Le couloir dans lequel elle se trouvait était spacieux, lumineux, luxueux. Ces trois mots lui venaient systématiquement à l'esprit à chacun de ses passages au palais. Le plafond était haut, une voûte étroite qui rappelait habilement certains ponts de Venise défiant les eaux et enjambant le Grand Canal. Une multitude de lustres argentés bruissait un petit air ténu et indéchiffrable, mais qu'elle jugeait reposant. Derrière elle, un des gardes stupides qui lui servait de convoi fit soudain tomber son casque. L'objet heurta le sol dans un bruit de métal cabossé, brisant instantanément l'incantation de cristal. Danila poussa un profond soupir et retourna s'asseoir.

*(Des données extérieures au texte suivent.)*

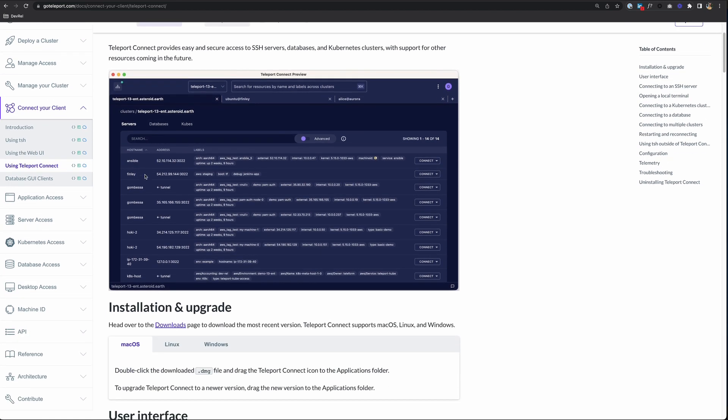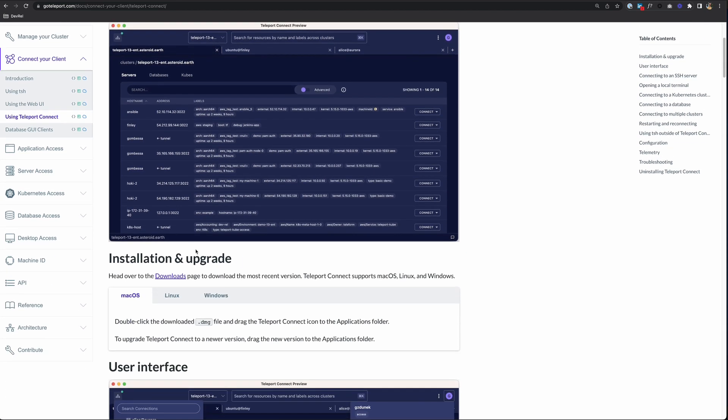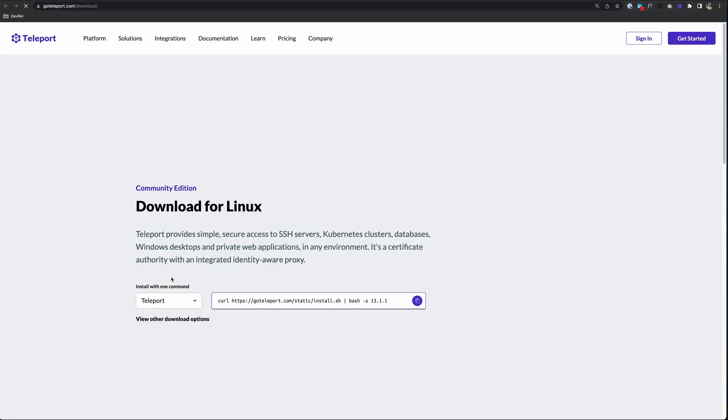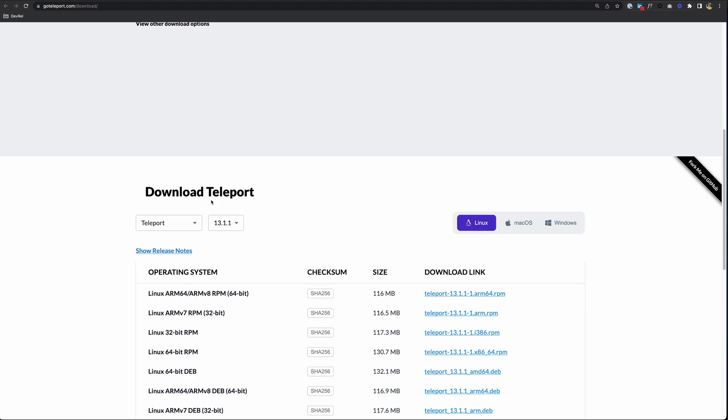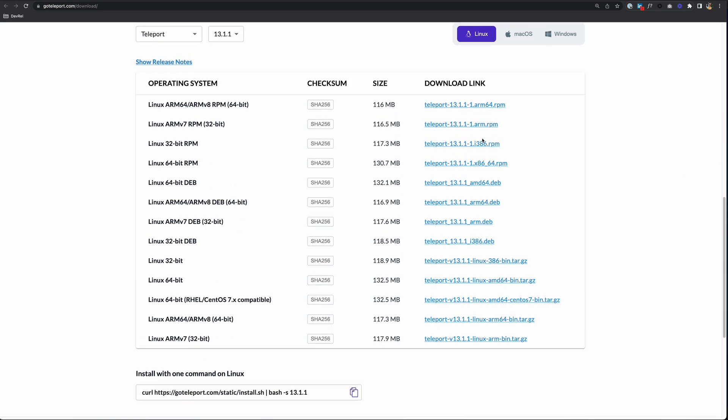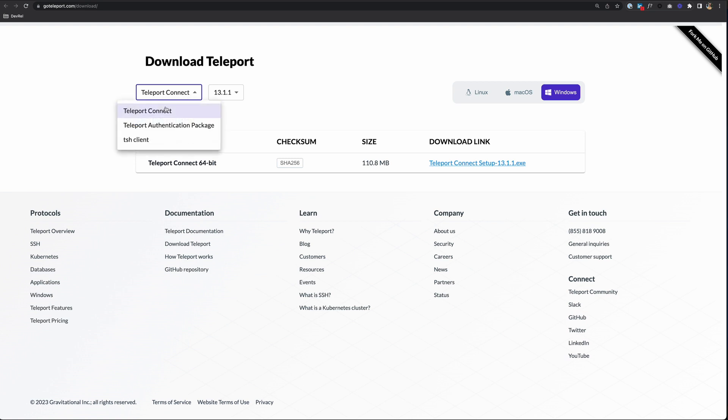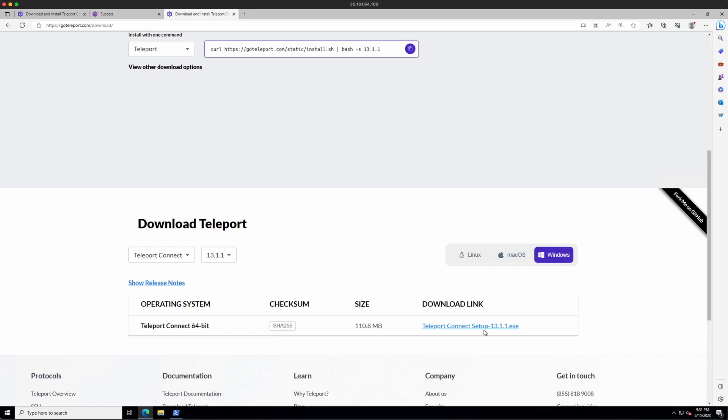To download it, just go down to Installation and Upgrade, go to Windows, and actually you can just click on this Downloads link to go to the Download page. Scroll down to the bottom, change this to Windows as your operating system, and make sure you select Teleport Connect. And I can click the Download link to download the EXE.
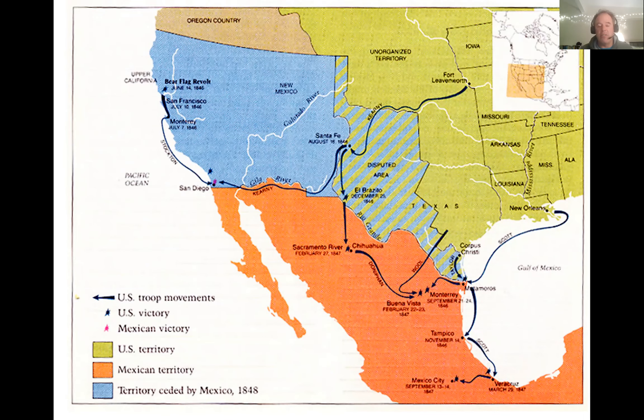That brings an end to our snippets for this week. This issue exposed by the Wilmot Proviso is the forerunner of events we'll see in the 1850s. Thank you.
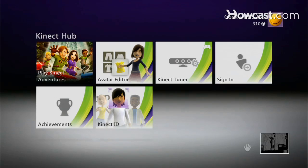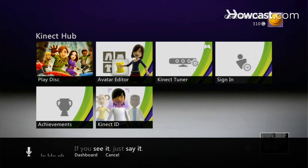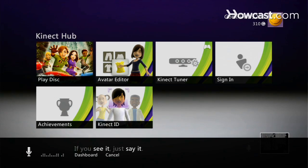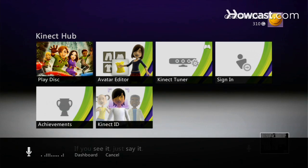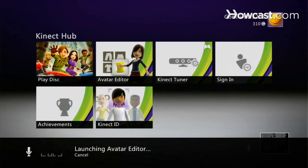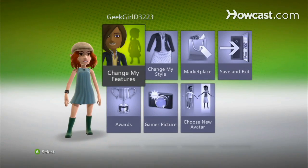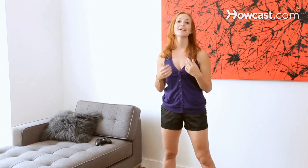Xbox, avatar editor. And that's how you use your voice to control Kinect.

Les rangées de miroirs aux murs lui renvoyaient son reflet démultiplié. Malgré les apparences, elle n'était pas du genre à se plonger dans la contemplation oisive de son propre visage et préférait observer minutieusement les cadres aux moulures dorées, s'émerveillant comme à chaque fois d'une telle richesse ; et s'agaçant toujours plus d'une telle lenteur.

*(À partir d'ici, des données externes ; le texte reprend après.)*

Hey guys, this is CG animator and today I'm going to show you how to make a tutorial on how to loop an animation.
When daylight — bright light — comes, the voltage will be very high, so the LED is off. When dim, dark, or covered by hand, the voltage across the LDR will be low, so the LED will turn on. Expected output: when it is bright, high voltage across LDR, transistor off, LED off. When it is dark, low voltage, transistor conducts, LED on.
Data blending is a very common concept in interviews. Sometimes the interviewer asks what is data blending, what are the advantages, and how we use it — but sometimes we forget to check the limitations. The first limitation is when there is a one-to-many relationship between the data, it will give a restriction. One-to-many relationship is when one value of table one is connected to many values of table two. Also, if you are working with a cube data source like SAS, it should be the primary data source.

Danila était la dernière née d'une des familles les plus riches et influentes de Murano. Les Deontan. Les gens n'avaient presque que ce nom là à la bouche, sur Murano du moins. Ici, à Venise, c'était bien différent, évidemment. Cela avoisinait pour elle un véritable saut dans le vide. Elle passait de tout à rien en l'espace de quelques pas, ces pas qui la faisaient sortir de Murano et qui l'amenaient ici, au palais des Dix. Quae, l'un des seigneurs, l'y faisait régulièrement conduire, quand lui-même le souhaitait ou lorsque Danila le demandait et qu'elle arrivait à se montrer suffisamment convaincante. Il était bien rare qu'il refuse car elle représentait l'un de ses seuls contacts avec Murano. Certes, il devait y avoir sa garde à qui il arrivait d'effectuer une ou deux patrouilles, mais Danila était indispensable et précieuse : elle était née, vivait, mourrait certainement à Murano.

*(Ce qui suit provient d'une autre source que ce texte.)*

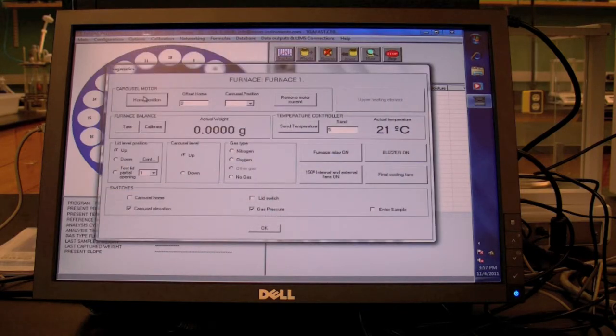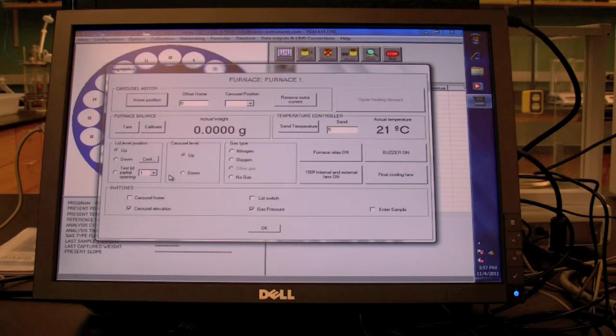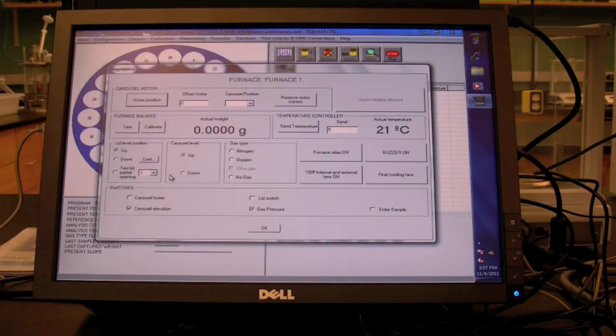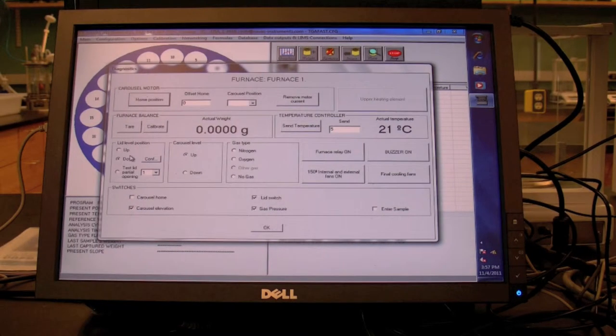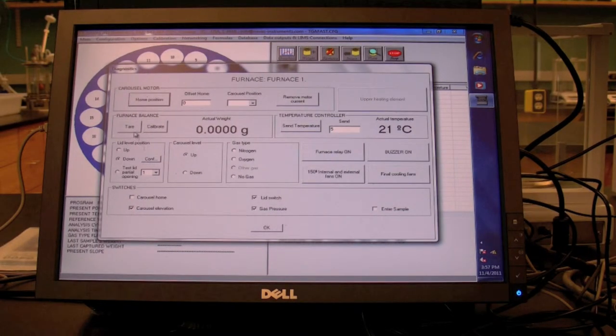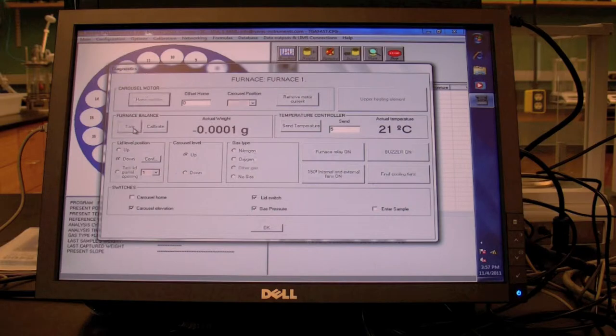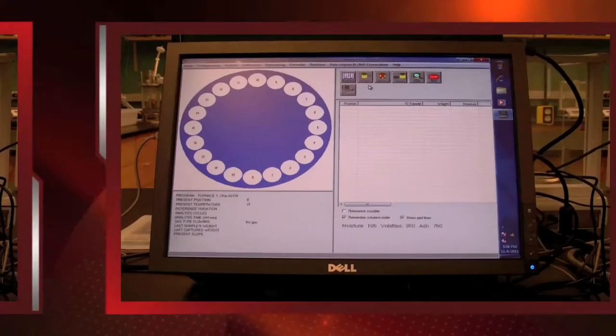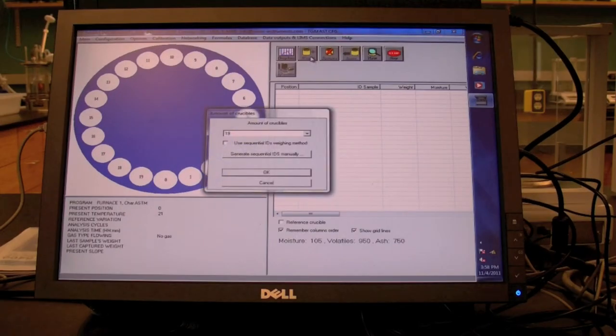The diagnostics window will pop up. Without any crucibles in the carousel, click down. Once the lid is closed, click the tear button to zero out the scale. Next, click on the wait icon.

Elle secoua la tête et rectifia : elle y était née et y vivait, mais espérait bien ne pas y finir ses jours. Tout dépendait des Dix et du doge. Ils avaient sans aucun doute le pouvoir de les libérer, elle et le restant de sa famille. Cela ne leur demanderait que de lever le petit doigt. C'est pourquoi elle se montrait sous son plus beau jour, aujourd'hui comme les fois précédentes. Elle avait tiré ses cheveux blonds et fins vers l'arrière. Elle portait sa robe blanche très serrée en dentelles autour du cou et à l'extrémité des manches, mais simple d'apparence, et ses boucles d'oreille d'un vert de jade.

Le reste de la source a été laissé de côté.